O suporte também tem um importante papel no processo de envenenamento pelo enxofre. Comparando catalisadores de Paládio com dois tipos de suporte (alumina e óxido de silício), SPIVEY [28] obteve os seguintes resultados: Na presença de 100 ppm de H2S, ambos catalisadores exibem uma conversão inicial de metano acima de 80% caindo para uma conversão final de 6%. Entretanto, no catalisador de Pd/SiO2, a atividade rapidamente cai para 6% logo nos 50 minutos em fluxo, e ao contrário da alumina, o período para a desativação foi maior, alcançando aproximadamente 200 minutos. A lenta taxa de desativação no Pd/Al2O3, segundo o autor, seria devido à capacidade da alumina armazenar enxofre. Estudos com infravermelho têm mostrado que sob condições de oxidação, a alumina é capaz de conter espécies sulfatos. A alta capacidade de estocagem de enxofre na alumina foi confirmada por análise química, a qual mostrou que o contaminante que a alumina contém seria em torno de 10 vezes mais enxofre do que o suporte sílica.
LAMPERT et al. [27] reportaram que embora a desativação no catalisador de alumina-suportado é menor que em outros suportes, a atividade não é totalmente recuperada com a remoção do enxofre da alimentação. Isto é devido ao “spillover” de espécies S do suporte sobre a superfície de PdO. Eles compararam a irreversibilidade de vários catalisadores de paládio sobre suportes não sulfatados (SiO2 e ZrO2 –SiO2), e sulfatados (alumina) para uma faixa de temperatura entre 150 e 650° C. Com a remoção do SO2 do fluxo reacional, observaram uma alta atividade para o catalisador de Pd/Al2O3 que foi atribuído ao spillover do sulfato do paládio para a alumina, o qual resulta numa limpeza da superfície de PdO. A atividade aumentou para o suporte não sulfatados a temperaturas acima de 600° C, (a temperatura de decomposição do
Pd-sulfato). Testes subseqüentes mostraram uma recuperação quase total da atividade no Pd sobre os suportes não sulfatados enquanto que nos suporte sulfatados, as espécies-S contidas sobre superfície de PdO, inibiram a recuperação da atividade.

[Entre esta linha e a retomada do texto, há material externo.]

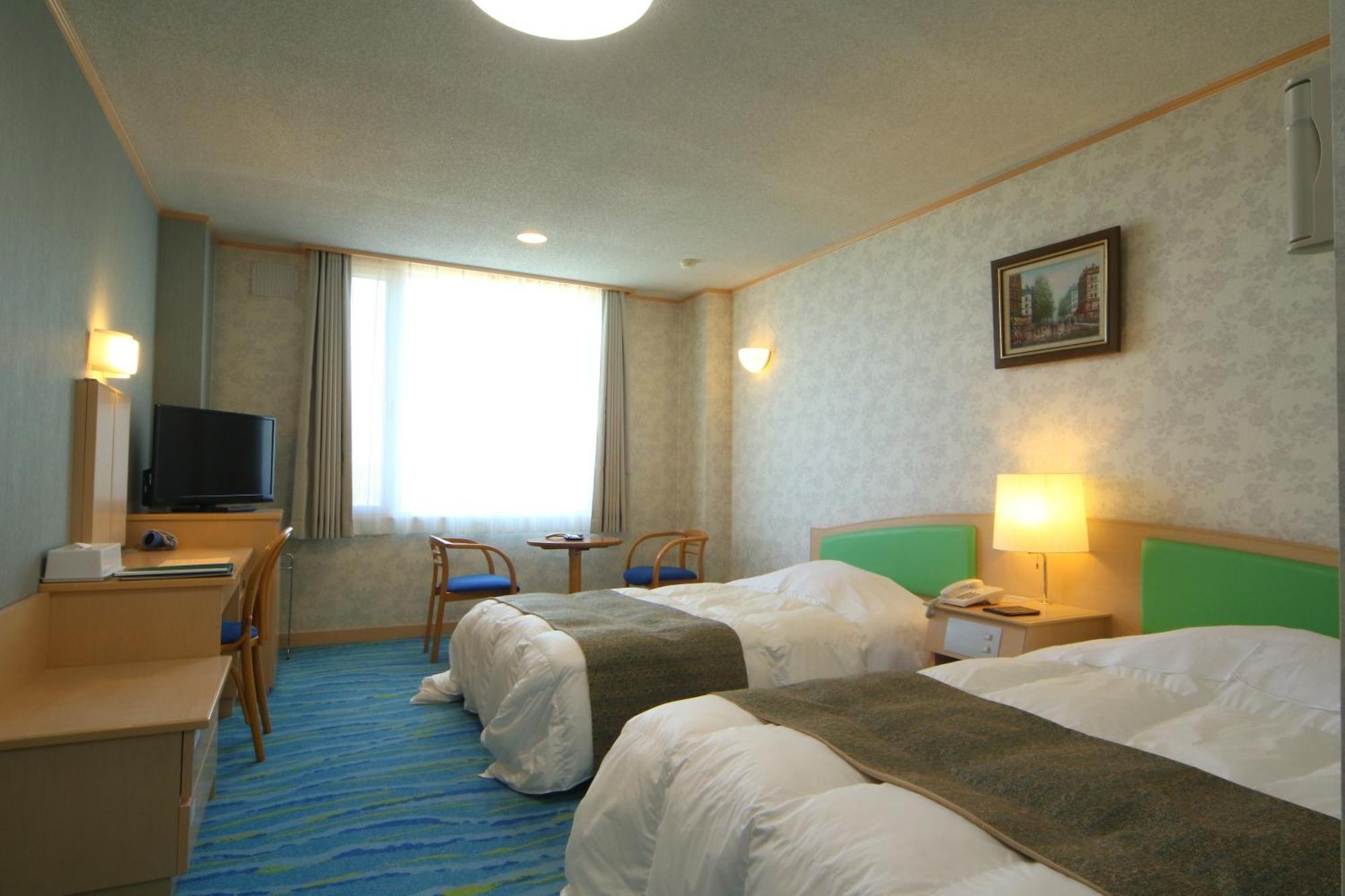 Hotel Shiretoko Shari Dış mekan fotoğraf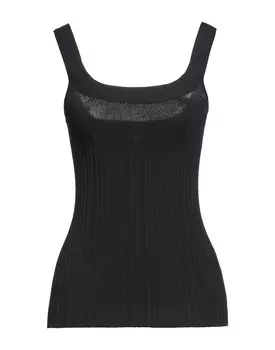 Топ Jil Sander, черный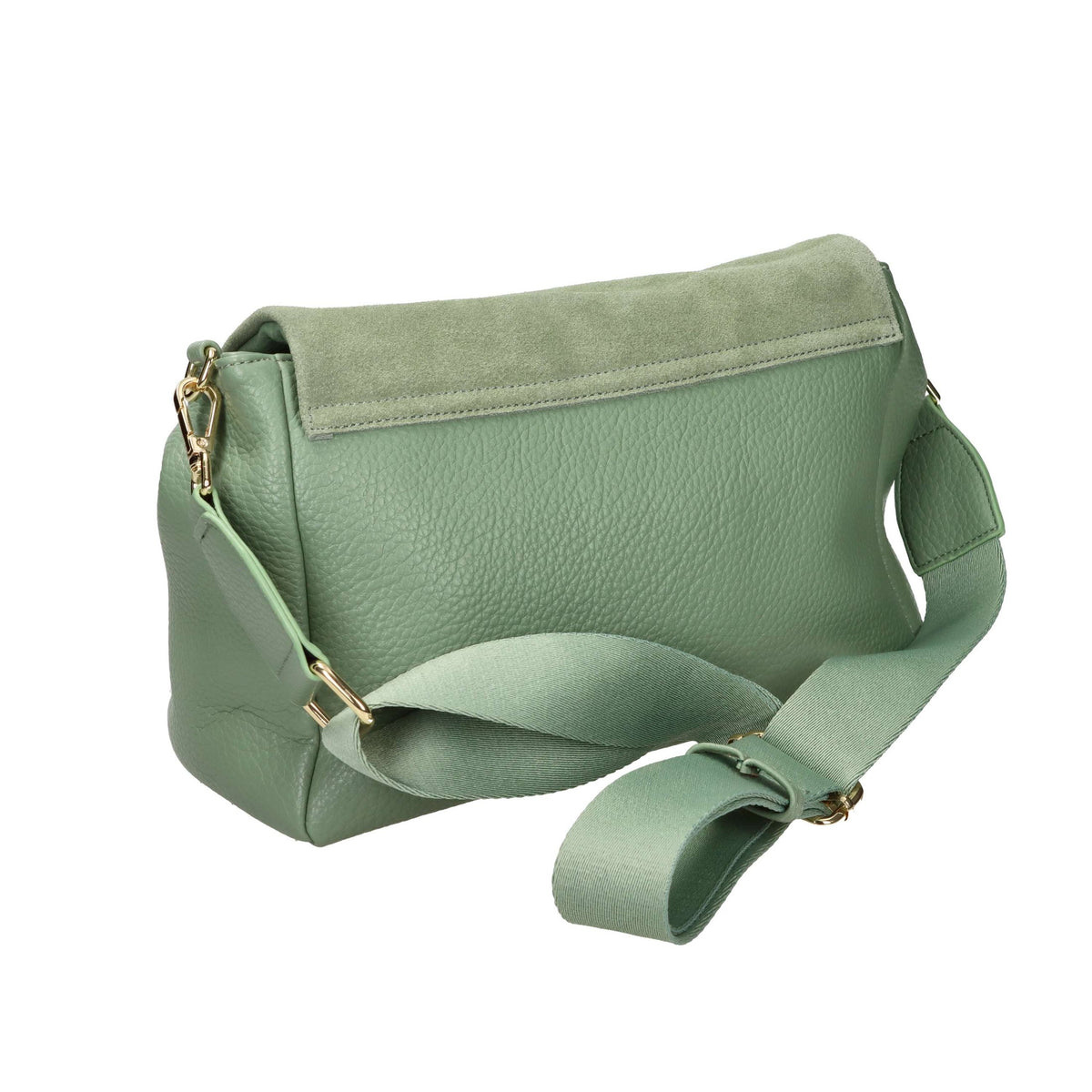 Carmela Donna Borsa a tracolla 186201 Verde Acqua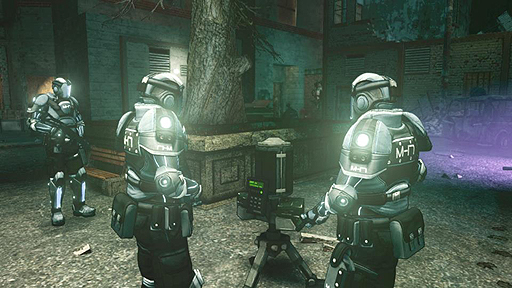 画像ギャラリー No.006のサムネイル画像 / Realmforge Studiosの“ヴァンパイア”ステルスアクション「Dark」が2013年第1四半期リリース。スクリーンショットが多数公開に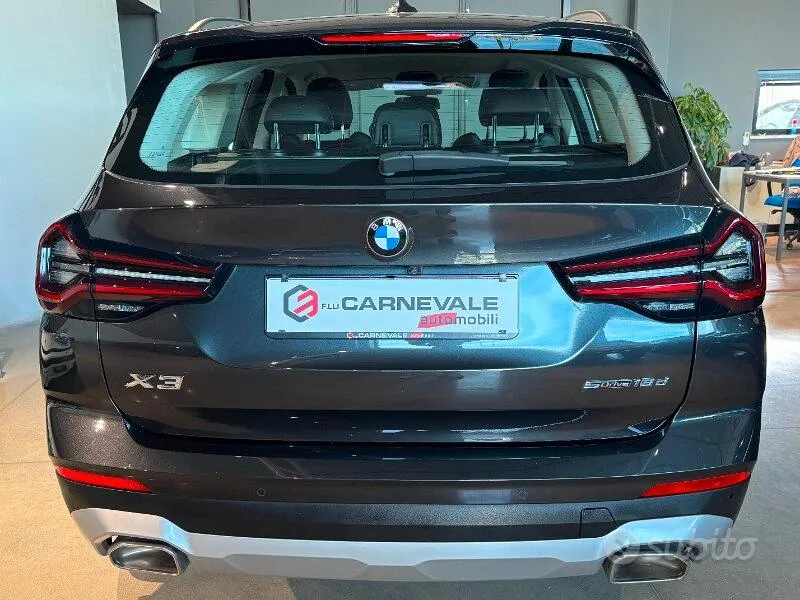 BMW X3 2022 photo 5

Segundo GAMAS et al. [19], um aspecto primordial para entender os mecanismos do acumulo de enxofre no catalisador, é o estudo da adsorção do SO2 na superfície catalítica. Na adsorsão de SO2 na alumina; estudado por espectroscopia de infravermelho em ausência de oxigênio; os autores observaram duas espécies na superfície. A primeira corresponderia ao SO2 adsorvido (banda em 1328 cm-1), enquanto que a segunda espécie foi identificada como sulfito superficial (SO3-2 , com banda em 1038 cm-1). O SO2 adsorvido é eliminado quase completamente da superfície da alumina, utilizando o vácuo a temperaturas abaixo de 200° C. A espécie sulfito é quimicamente estável até a temperatura de 600° C. Isto permitiu aos autores suporem que, para as temperaturas de operação do conversor catalítico sempre maiores que 200° C, o enxofre se acumula na superfície catalítica como um sulfito superficial. Os dados anteriores concordaram com estudos da superfície do suporte por espectroscopia fotoeletrônica de raios X (XPS), que mostram a presença de espécies S-4, após exposição da alumina ao SO2. Quando a amostra foi aquecida a 500 ° C, a espécie S-4 foi desorvida da superfície do suporte.
FARRAUTO et al. [27], estudaram a regeneração térmica do catalisador Pd desativado com SO2. Com este fim, realizaram análises termogravimétricas com vários suportes. Os dados de análise termogravimétrica, mostrados na Tabela 5 mostram o efeito da composição do suporte e da área superficial na quantidade de SOx adsorvidas nos catalisadores de paládio a 320° C e retido quando a temperatura foi aumentada a 650° C em ar. A alumina, reage e fortemente retêm o SO2, mas as quantidades
dependem da área superficial e da composição da fase da alumina. Os suportes a base de sílica não reagem com SO2 como evidenciado pela baixa adsorção a 320°C e a completa dessorção do SO2 a 650° C.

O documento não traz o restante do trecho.